Kesimpulan Menteri Juwono tak seluruhnya benar. Ada juga murid SD yang fasih berbahasa Inggris dan menyenangi pelajaran itu. Contohnya Dian Arya, murid kelas 5 SD Marsudirini Yogya. Dian berpendapat, dibandingkan dengan pelajaran IPS yang membosankan, bahasa Inggris menyenangkan dan tidak bikin ngantuk. Manfaatnya pun, kata Dian, banyak. "Saya jadi tahu kalau orang tua ngomong rahasia pakai bahasa Inggris," ujarnya sambil tersenyum.
Masalahnya terpulang kepada para guru, yang rata-rata mengalami kesulitan mengajarkan bahasa Inggris. Hal ini diakui oleh Wahyu Ekowati Hartono, guru di SDN Menteng 3. Katanya, dengan hanya diberikan dua jam dalam seminggu, tak cukup bagi murid ataupun guru untuk memahami bahasa yang tak dipergunakan sehari-hari itu. Akibatnya, guru memacu dengan hafalan, yang membuat pelajaran itu jadi tidak menarik. Alasannya, "Anak-anak sering lupa. Jadi harus diulang-ulang," katanya.

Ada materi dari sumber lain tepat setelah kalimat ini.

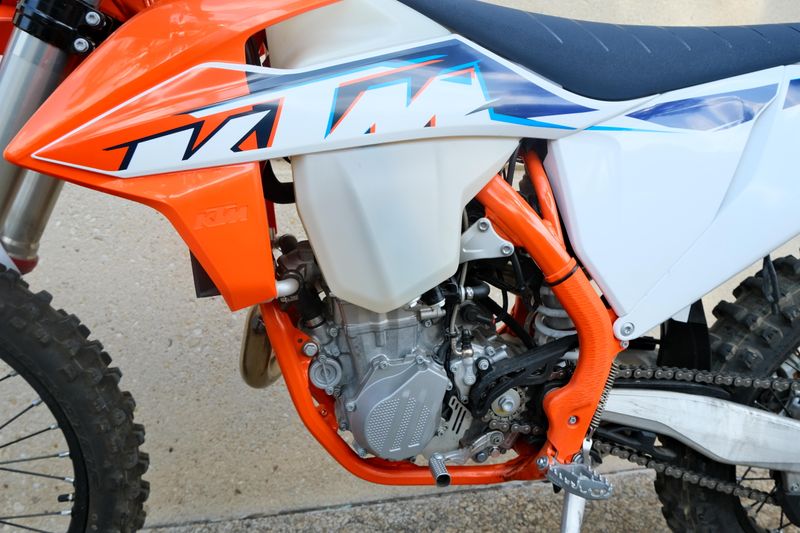 USED 2022 KTM 450 XC-F Image 11
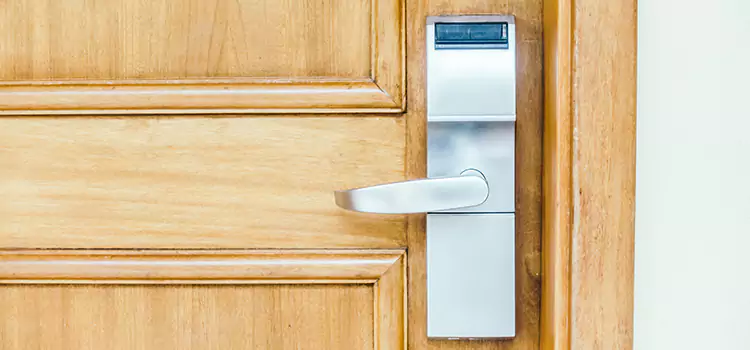Electromagnetic Door Lock Installation Jeffersontown
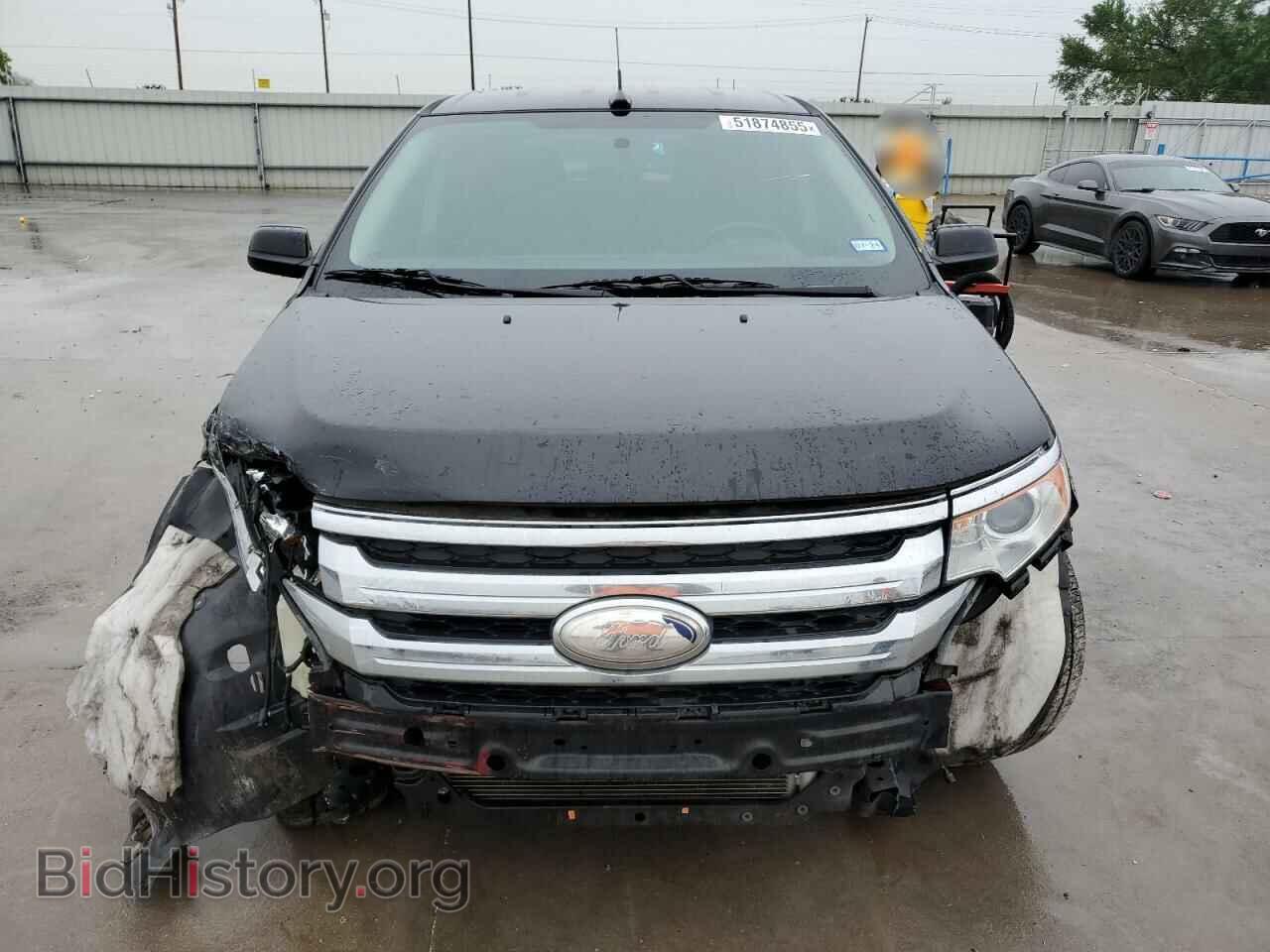 2014 FORD EDGE - VIN: 2FMDK3JC7EBB37802 - Фото 5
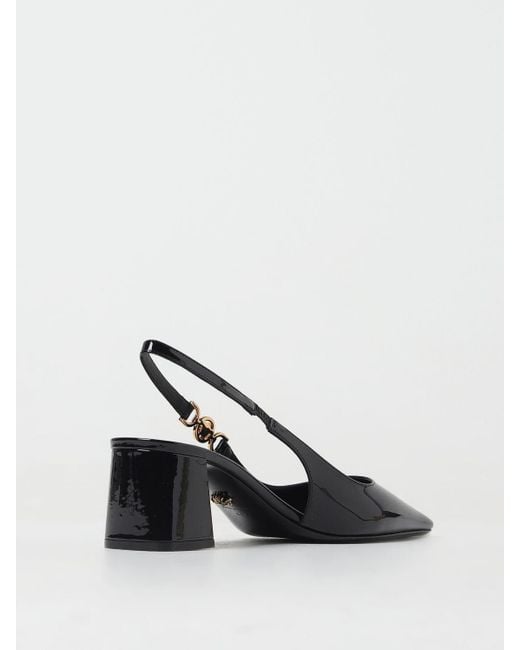 Zapatos Versace de color Black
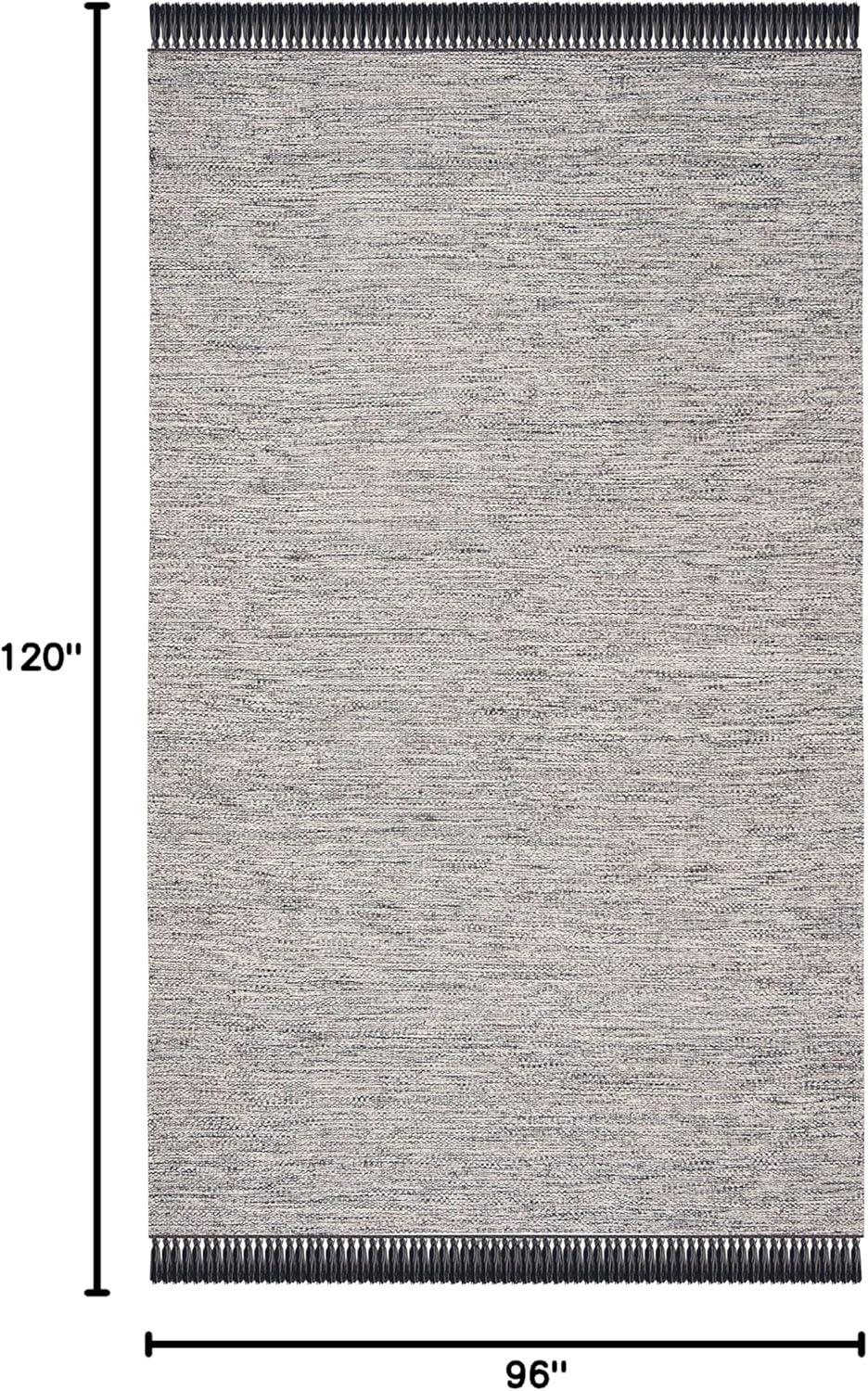 Montauk MTK610 Hand Woven Indoor Area Rug - Grey - 8'x10' - Safavieh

Problem seperti itu banyak ditemukan di SD negeri. Tapi, menurut Bambang Soegeng, pengamat pendidikan dari IKIP Yogyakarta, kesulitan belajar bahasa Inggris tidak dialami murid-murid sekolah swasta. Dari survei yang dilakukan di sekolah favorit di Kota Gudeg seperti SD Ungaran, SD Muhammadiyah Sapen, dan SD Kanisius, bahasa Inggris mendapat apresiasi yang tinggi dari siswa. Itu berbeda dengan di sekolah dasar negeri, yang muridnya memang kewalahan karena gurunya tidak terampil mengajar. Mereka terlalu banyak memberikan pekerjaan rumah atau tugas lain, yang menjadi beban bagi siswa.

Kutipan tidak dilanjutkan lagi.